↓

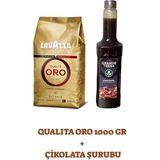 Lavazza Qualità Oro Kahve Çekirdeği 1000 gr ve Grande Terra Çikolata Şurubu 750 ml Seti - 1 kg
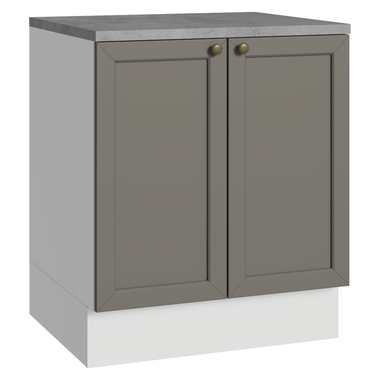 Balcão de Cozinha 70 x 60 cm 2 Portas (Com Tampo) Branco/Cinza Vik Madesa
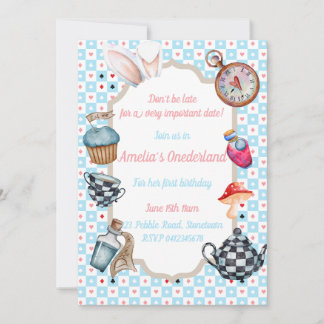 Alice in Onederland First Birthday Invitation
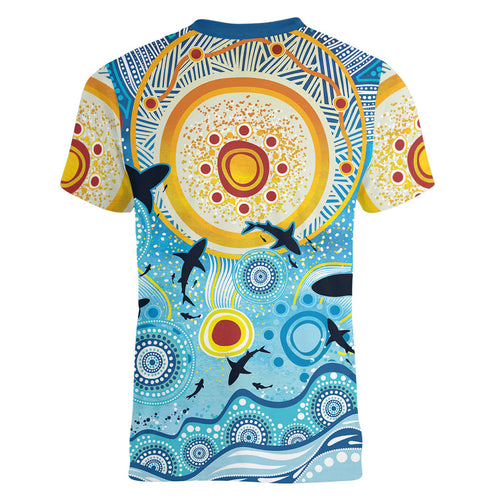 World Ocean Day Aboriginal Arts Indigenous Women V-Neck T-Shirt Dancing Under Moonlight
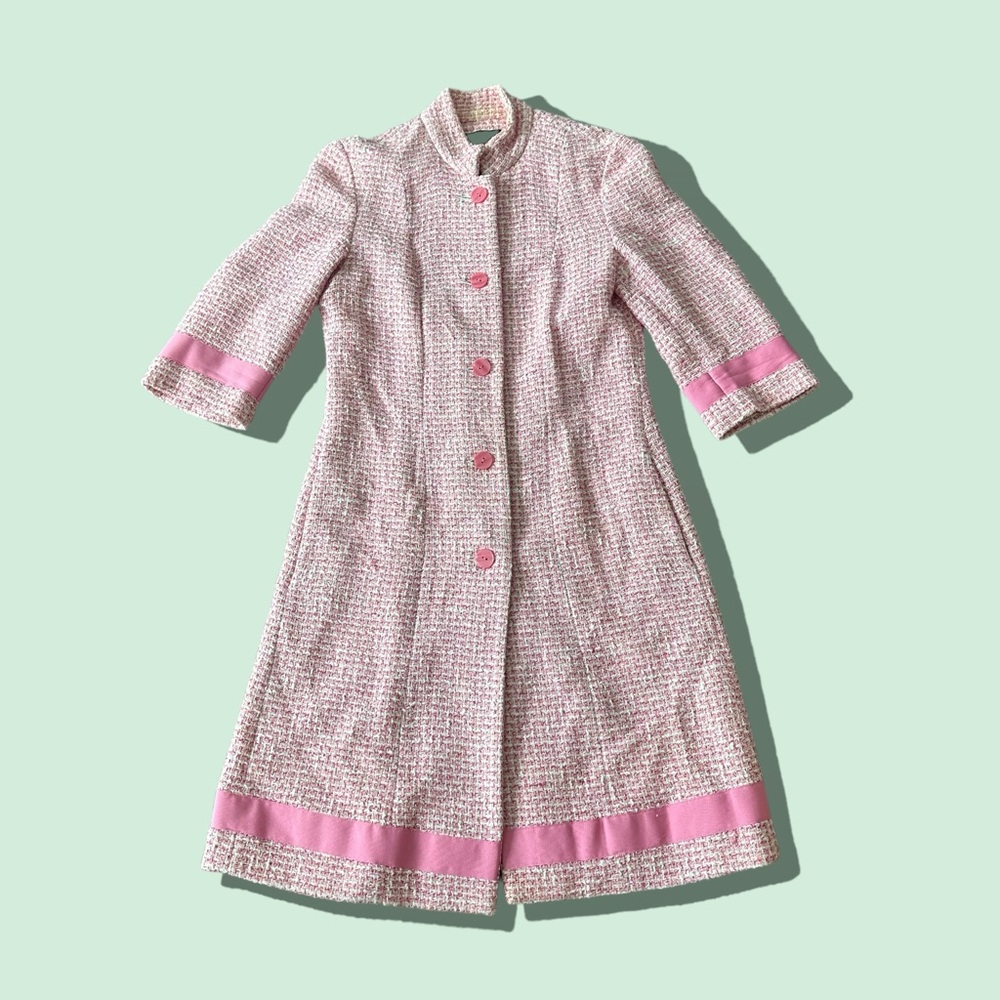 Women’s MODA International Pink Tweed Vintage Style Button Front Pea Coat Sz 10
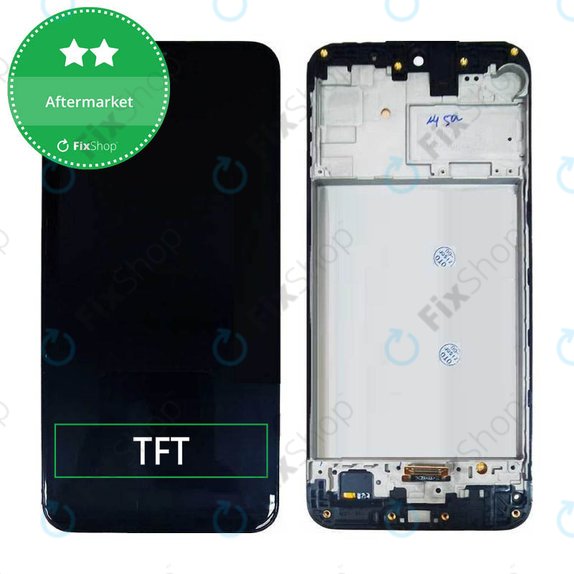 Wyświetlacz do Samsung M21 M215F, Ekran dotykowy z ramką, Czarny, Black, TFT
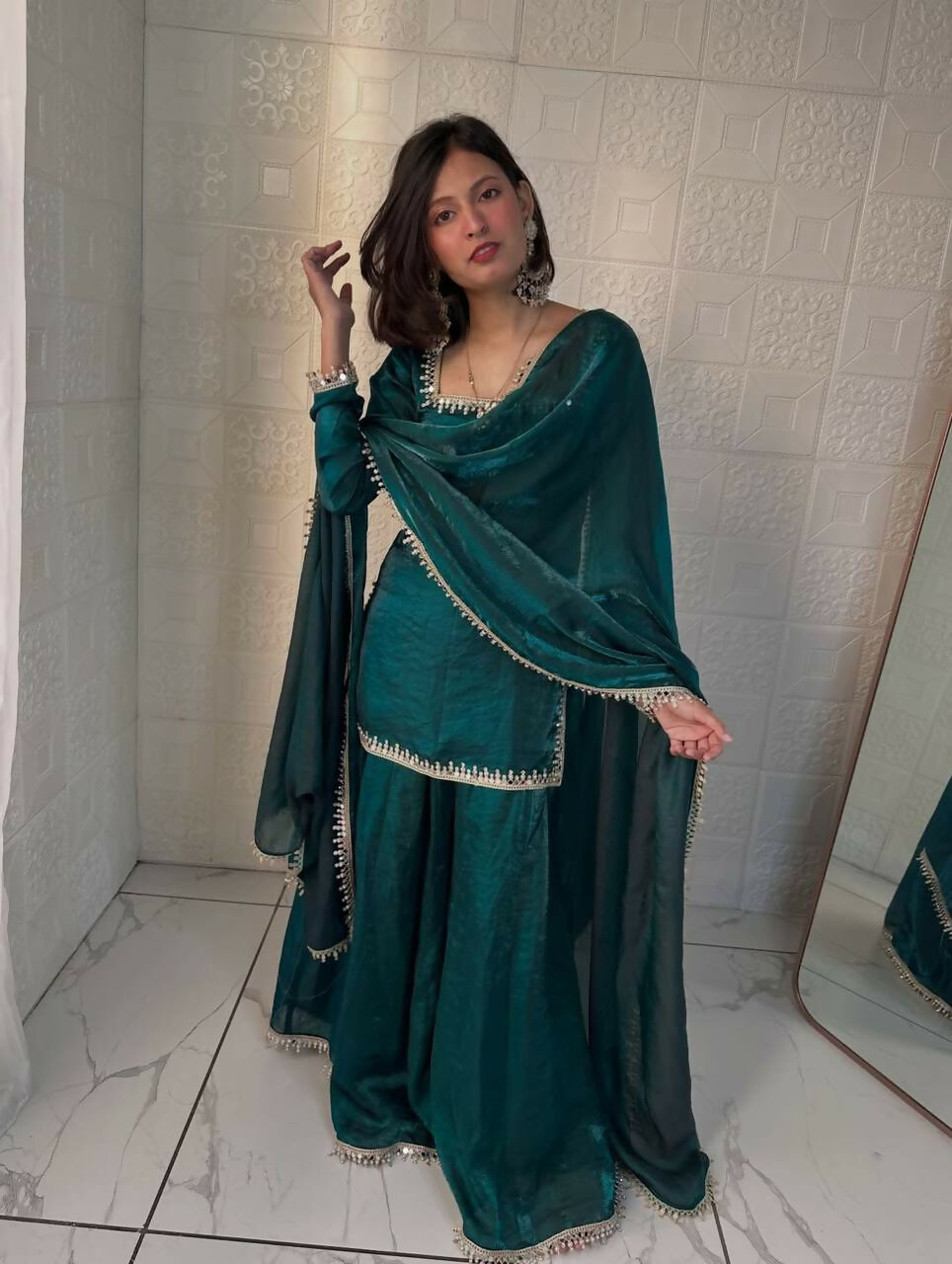 Teeya Creation Womens New Trending Less and Mirror Work Kurta Palazzo Set - Teal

↑

- **What the task asks**:
Write out, word for word, the line containing "World Ocean Day" and each line after it to the end of the data, and nothing more. Drop the pictures.

- **Exercise output**:
 World Ocean Day Aboriginal Arts Indigenous Women V-Neck T-Shirt Dancing Under Moonlight
 Women’s MODA International Pink Tweed Vintage Style Button Front Pea Coat Sz 10
 Wyświetlacz do Samsung M21 M215F, Ekran dotykowy z ramką, Czarny, Black, TFT
 Teeya Creation Womens New Trending Less and Mirror Work Kurta Palazzo Set - Teal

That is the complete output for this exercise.